** Dataset entries **
------

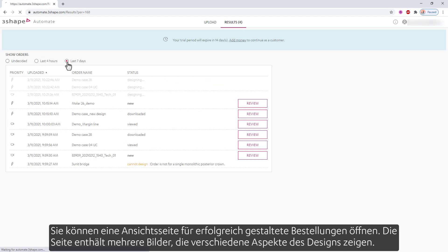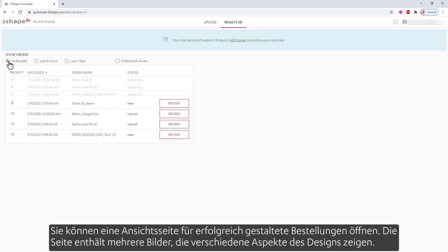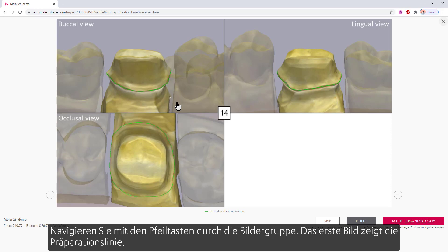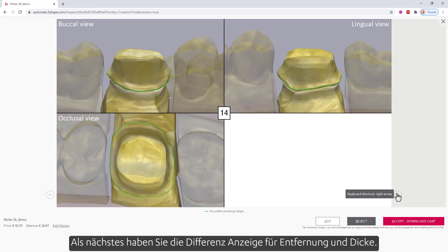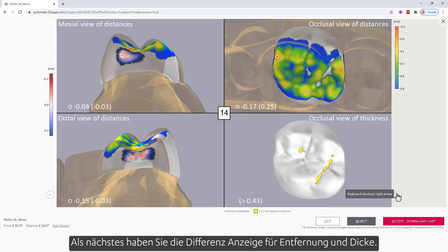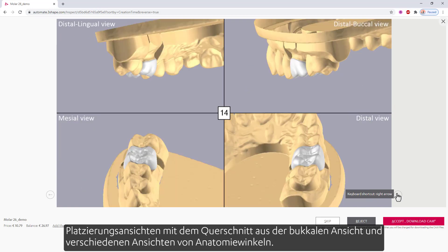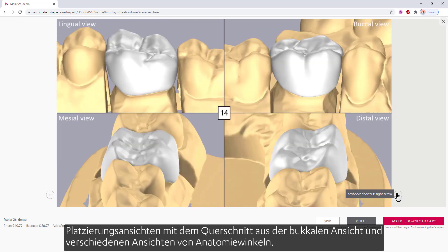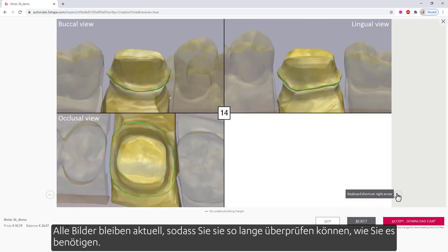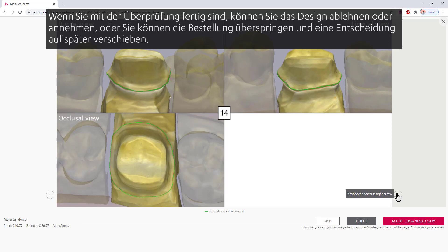You can also view all orders within some time intervals. You can open a view page for successfully designed orders. The page has several images showing aspects of the design. Navigate through the set of images with the arrow keys. The first image shows the margin line. Next, you have distance and thickness heat maps, placement views with the cross section from the buccal view, and different views of anatomy angles. All the images will stay in the loop, so you can review for as long as you need. When done reviewing, you can reject or accept the design, or you can skip the order, postponing a decision until later.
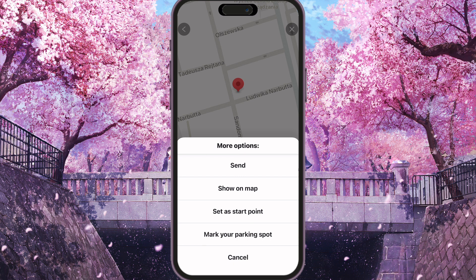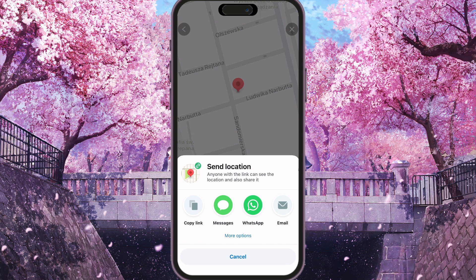Show on map, set a start point, mark your parking spot, and cancel. So we need to click Send and then Send Location. Anyone with the link can see the location and also share it.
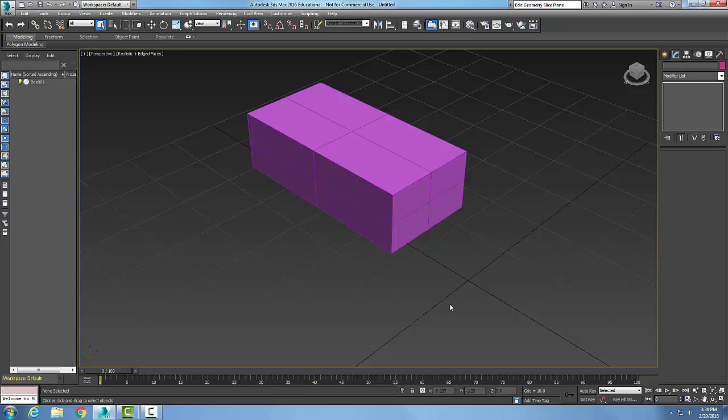Converting objects to an editable poly. We have four different methods of converting objects to an editable poly.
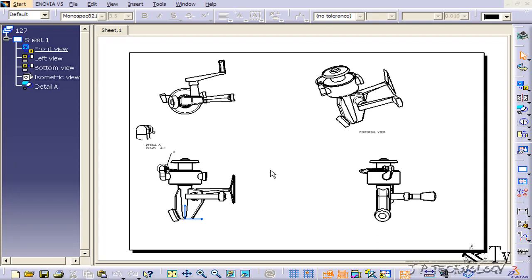To start off, open up tutorial part number 127, which is located on the DVD. Now what I'm going to do is show you how to insert GD&T into your drawings.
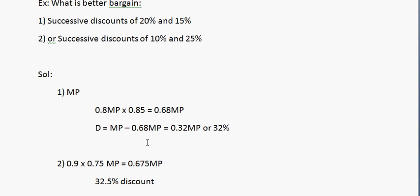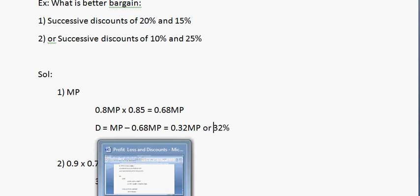That's all for now. I hope you have understood the concepts of profit, loss, and discounts without using complex formulas — just the basic concepts of cost price, selling price, marked price, and discount. Thanks for watching and happy learning. All the best.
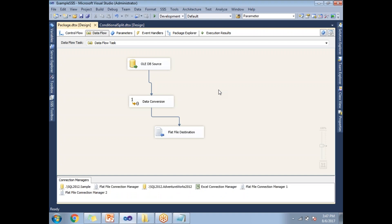This is how we configure the Data Conversion Transformation. Finally, Data Conversion Transformation is the one which helps us to convert data from one data type to another data type. It is one of the very important transformations in SSIS. Thank you for watching — if you like our videos, please like and subscribe.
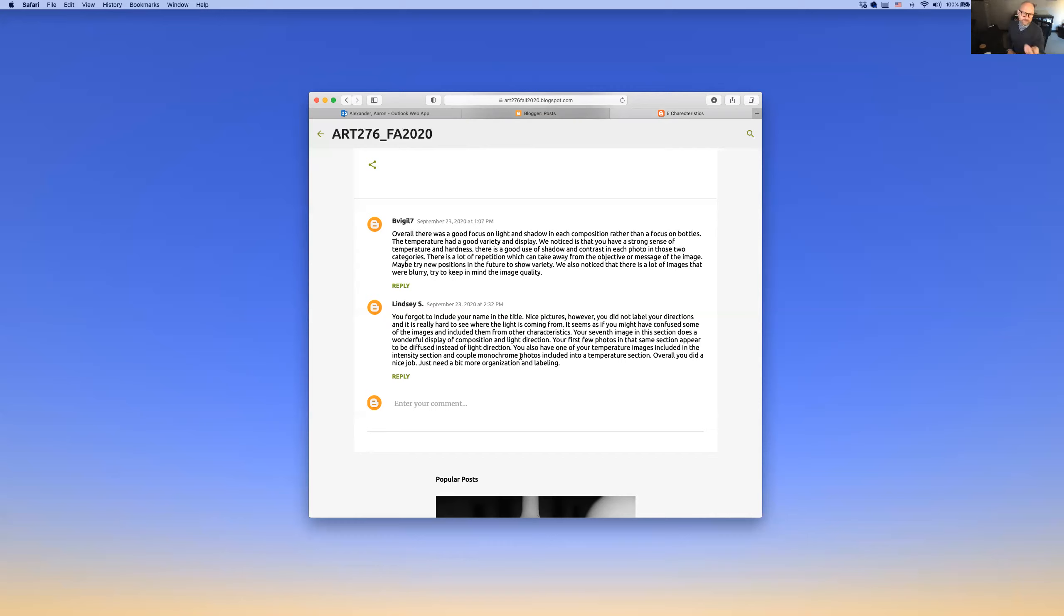You'll receive also a numeric grade from me, but I thought these videos would be helpful just in terms of getting some feedback on your imagery. Alright. We'll see you in class.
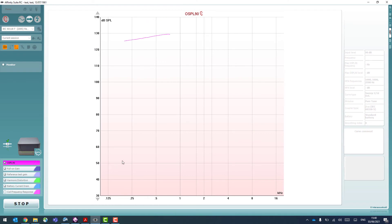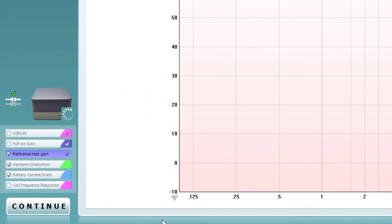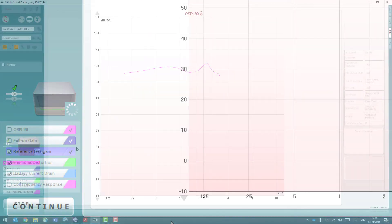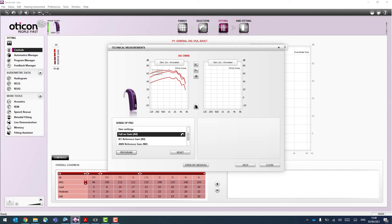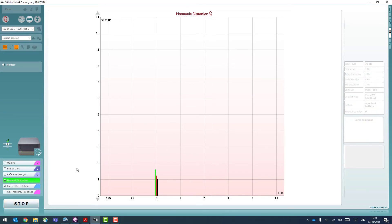I'll hit start. You can see that the system is drawing the curves. We now get to the reference test gain and it's prompting me to change that setting. In your hearing aid software you'll have settings for either IEC reference test gain or ANSI reference test gain. At this point you need to swap it to ANSI reference test gain to reflect the protocol we're running. Once programmed, we can go back to the software and hit continue to complete the rest of the test battery.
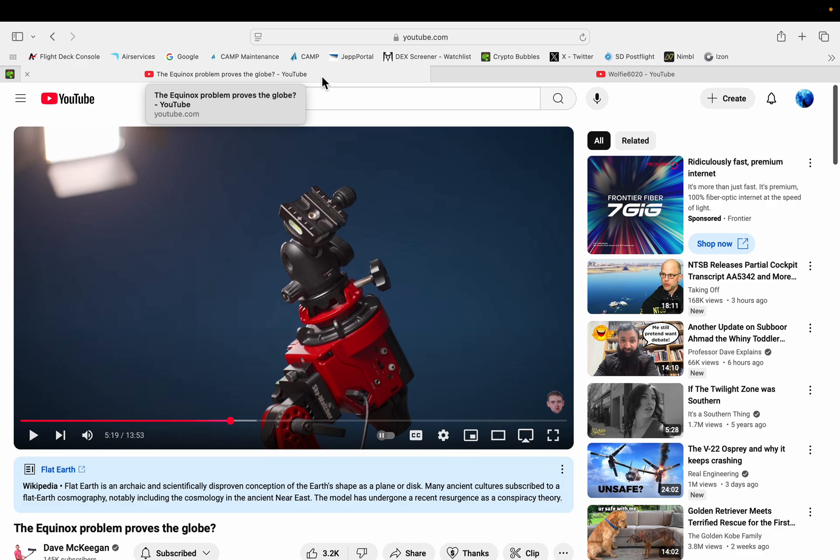So just remember when you're dealing with a flat earther and you bring up the topic of equatorial mounts, they literally will lack the intelligence to understand what you're talking about. Go and enjoy Dave's video.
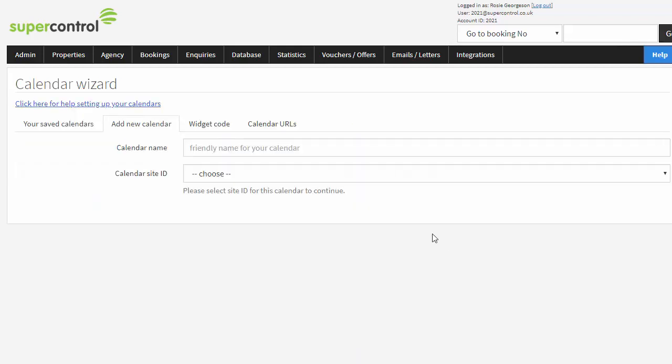Enter a name for your calendar. The name of your calendar can be whatever you like. The reason for entering a name is so that you can identify each calendar if you decide to create lots of different styles.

------

Please transcribe exactly the part of the records that opens with the line containing "To start off, open" and closes with the line containing "That's all for", both ends included, and leave out the pictures.

** Exercise output **
To start off, open up tutorial part number 127, which is located on the DVD. Now what I'm going to do is show you how to insert GD&T into your drawings.
That's all for now. I hope you have understood the concepts of profit, loss, and discounts without using complex formulas — just the basic concepts of cost price, selling price, marked price, and discount. Thanks for watching and happy learning. All the best.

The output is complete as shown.